Noel Hughes

Personal information
- Born: 6 April 1928 Zetland, Sydney, Australia
- Died: 24 January 2011 (aged 82) Peakhurst, Sydney, Australia
- Batting: Right-handed
- Bowling: Right-arm off-break

Career statistics
| Competition | First-class |
| Matches | 21 |
| Runs scored | 651 |
| Batting average | 25.03 |
| 100s/50s | 0/1 |
| Top score | 95 |
| Balls bowled | 642 |
| Wickets | 10 |
| Bowling average | 31.70 |
| 5 wickets in innings | 0 |
| 10 wickets in match | 0 |
| Best bowling | 4/19 |
| Catches/stumpings | 13/3 |
- Source: CricketArchive, 6 December 2022

= Noel Hughes =

Noel Keith Hughes (6 April 1928 – 24 January 2011) was an Australian-English first-class cricketer who played 21 games, all for Worcestershire, in the 1950s. He was born in Zetland, Sydney.

Hughes played minor cricket for New South Wales Colts, scoring 69 and 60 not out against Queensland Colts in 1951–52,
but his first-class debut came in May 1953 when he appeared for Worcestershire against Cambridge University at Fenner's. He played purely as a batsman, as the keeper's spot was taken by George Mills, making one of his two first-class appearances. Hughes made 1 and 15*.
His only other first-class outing that season came in June, when he played against Oxford University at Worcester. This time he was behind the stumps, and gained his first stumping when he accounted for Jonathan Fellows-Smith.

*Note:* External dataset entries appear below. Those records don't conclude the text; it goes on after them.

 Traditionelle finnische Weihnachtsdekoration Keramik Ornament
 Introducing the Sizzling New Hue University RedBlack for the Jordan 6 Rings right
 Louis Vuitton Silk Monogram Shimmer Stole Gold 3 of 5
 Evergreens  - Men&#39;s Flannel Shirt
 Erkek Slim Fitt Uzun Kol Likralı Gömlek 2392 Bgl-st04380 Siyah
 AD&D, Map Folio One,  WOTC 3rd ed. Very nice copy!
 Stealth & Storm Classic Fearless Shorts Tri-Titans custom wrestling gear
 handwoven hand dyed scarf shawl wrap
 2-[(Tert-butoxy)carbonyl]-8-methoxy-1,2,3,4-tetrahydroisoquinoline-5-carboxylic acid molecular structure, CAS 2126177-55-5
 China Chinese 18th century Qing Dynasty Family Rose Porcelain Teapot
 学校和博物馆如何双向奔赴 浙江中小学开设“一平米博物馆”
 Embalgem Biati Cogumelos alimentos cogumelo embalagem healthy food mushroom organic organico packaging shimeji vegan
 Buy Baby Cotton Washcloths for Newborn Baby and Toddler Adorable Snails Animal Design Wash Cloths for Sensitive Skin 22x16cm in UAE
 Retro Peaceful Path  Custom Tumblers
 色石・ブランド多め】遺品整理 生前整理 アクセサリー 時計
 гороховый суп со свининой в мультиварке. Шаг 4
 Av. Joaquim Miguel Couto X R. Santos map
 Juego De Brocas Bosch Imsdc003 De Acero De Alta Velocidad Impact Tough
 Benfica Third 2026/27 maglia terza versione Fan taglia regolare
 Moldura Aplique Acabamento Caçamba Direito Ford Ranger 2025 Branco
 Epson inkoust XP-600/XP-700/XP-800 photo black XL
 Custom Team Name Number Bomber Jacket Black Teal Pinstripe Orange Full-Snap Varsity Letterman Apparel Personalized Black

Hughes played 19 matches for the county in 1954, and had reasonable success. As well as taking 13 catches and making two stumpings, he hit 566 runs at an average of 23.58.
However, though he contributed a number of thirties and forties, he reached his half-century only once, when he scored 95 against Essex at Worcester.
He was designated as wicket-keeper in only four of the games he played in 1954, and when not occupied behind the stumps he sent down over 100 overs, claiming ten wickets with his off-spin.
He did not play first-class cricket after that season.

His son Graeme Hughes played for New South Wales for a few years in the 1970s, but found more success in rugby league.